In a thorough review of the literature on the use of hyperbaric oxygen therapy in the lower extremity, this author offers a closer look at the research on HBOT for diabetic foot ulcers as well as a variety of other conditions ranging from refractory osteomyelitis and soft tissue infection to crush injuries and compromised grafts and flaps.
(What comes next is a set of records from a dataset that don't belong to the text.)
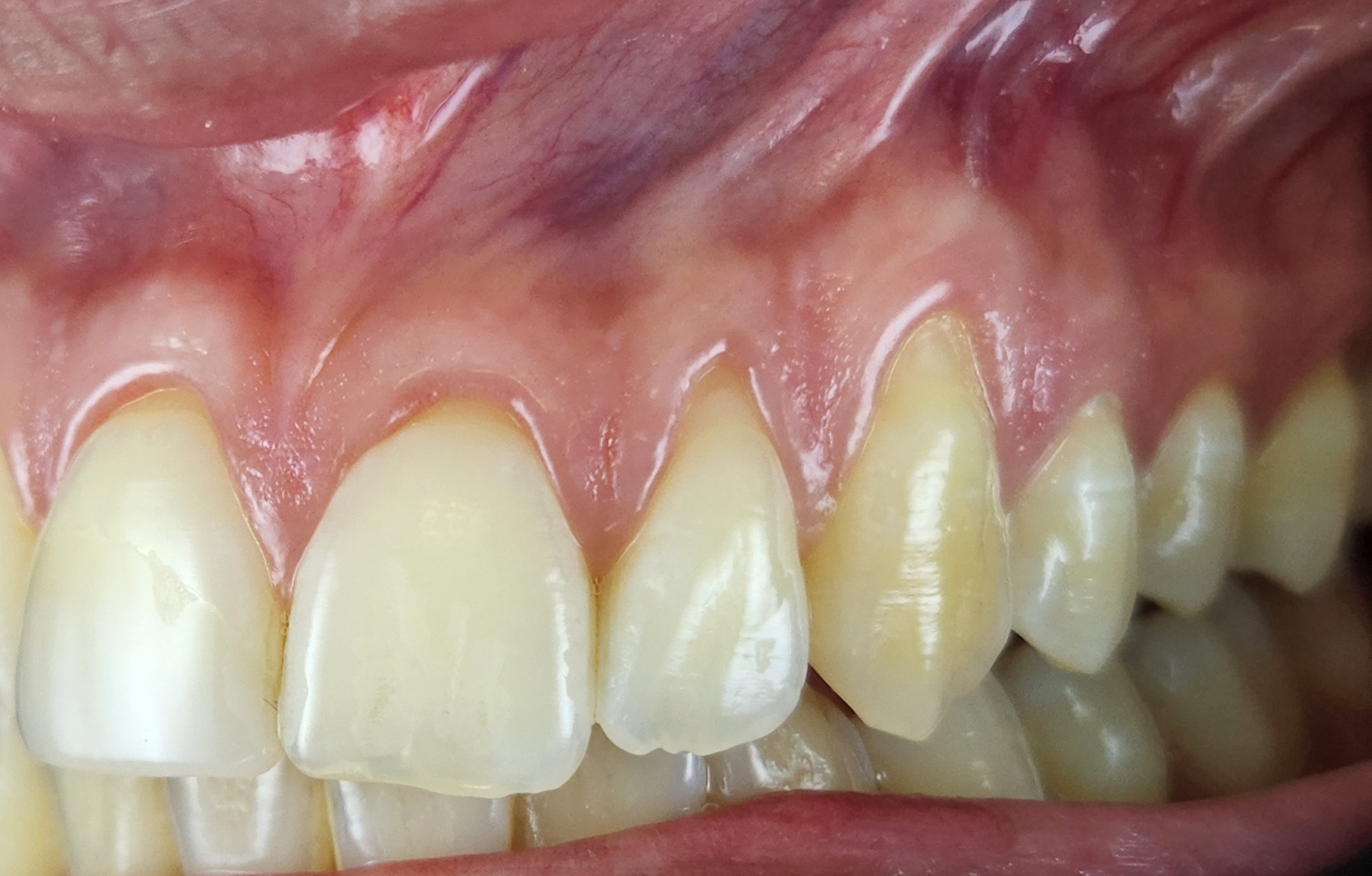 Before anterior-lateral gum rejuvenation treatment.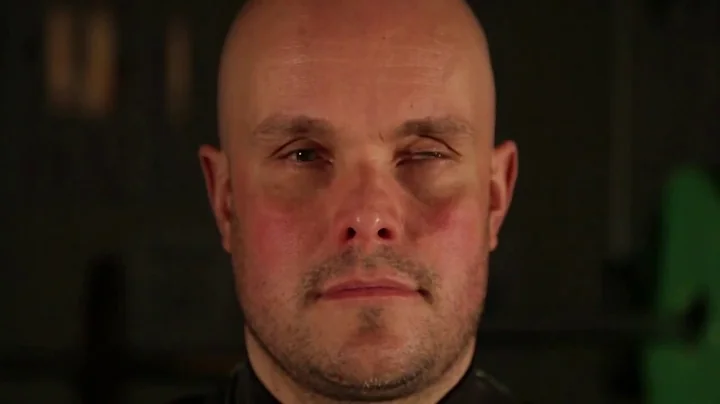 Mark Pollock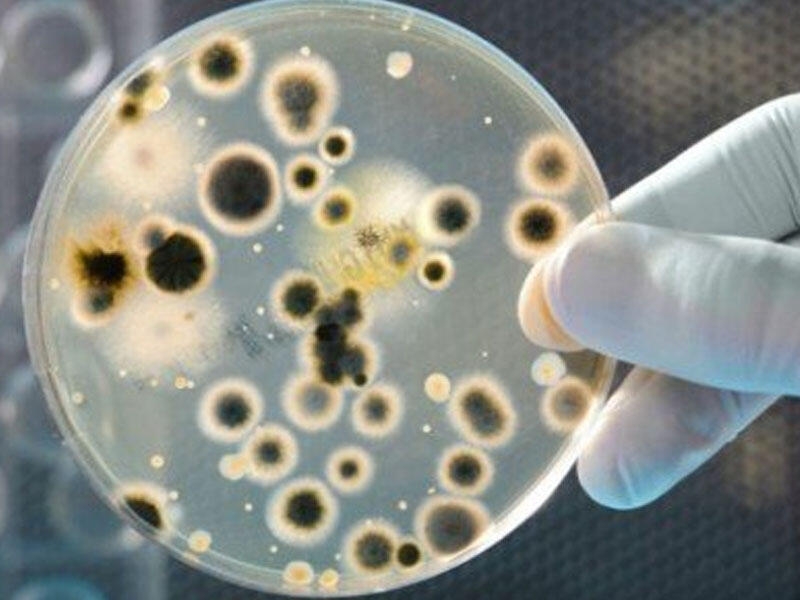 Həkimlər xəbərdarlıq edir! 2050-ci ilə qədər antibiotiklərin təsiri kəskin azalacaq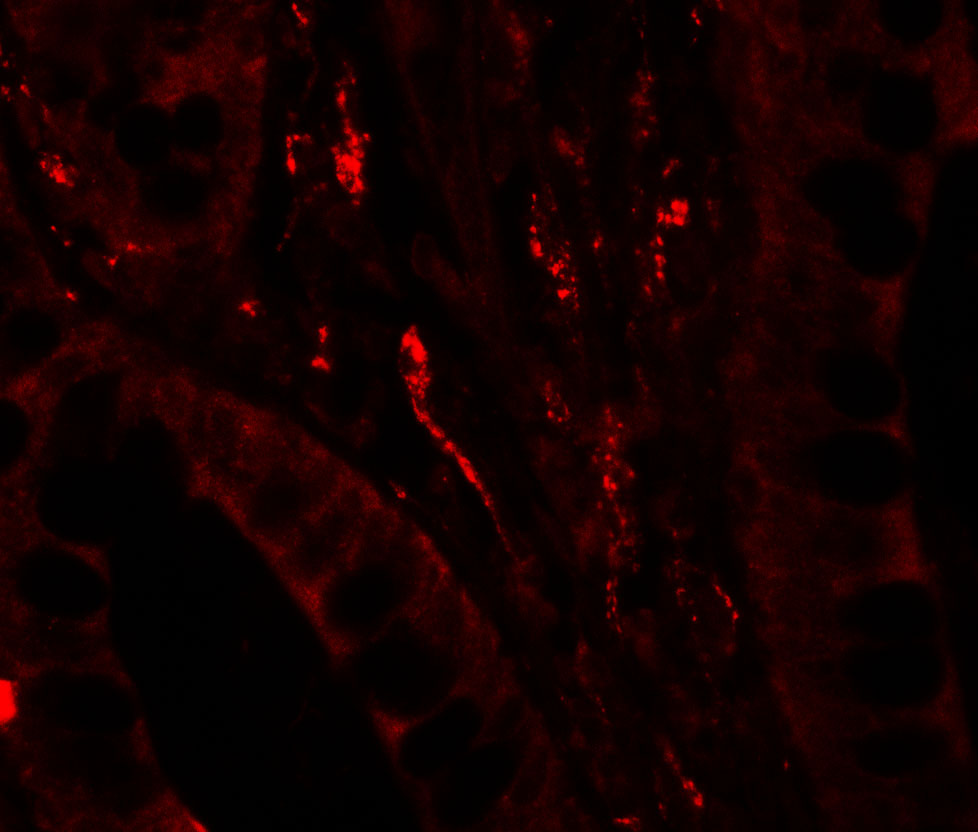 Immunofluorescence of TSC22D3 in human small intestine tissue with TSC22D3 antibody at 20 μg/ml. Immunofluorescence of TSC22D3 in human small intestine tissue with TSC22D3 antibody at 20 μg/ml.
Hyperbaric oxygen therapy (HBOT) has served as a primary or adjunctive therapy for many medical conditions since the 19th century. The literature concerning the efficacy of HBOT is extensive and varies dramatically in overall quality, opinions and results. For almost every aspect of HBOT, further investigation and more studies would be helpful in making HBOT part of the medical community’s accepted standard of care.
There are currently 14 different conditions/indications for HBOT that have the approval of the Undersea and Hyperbaric Medical Society.1 These conditions/indications include:   
1. Air or gas embolism
2. Carbon monoxide poisoning
3. Clostridial myositis and myonecrosis (gas gangrene)
4. Crush injury, compartment syndrome and other acute traumatic ischemias
5. Decompression sickness
6. Arterial insufficiencies
7. Severe anemia
8. Intracranial abscess
9. Necrotizing soft tissue infections
10. Osteomyelitis (refractory)
11. Delayed radiation injury (soft tissue and bony necrosis)
12. Compromised grafts and flaps
13. Acute thermal burn injury
14. Idiopathic sudden sensorineural hearing loss
Physicians most commonly use HBOT to treat decompression sickness, gas embolism or conditions of tissue hypoxia.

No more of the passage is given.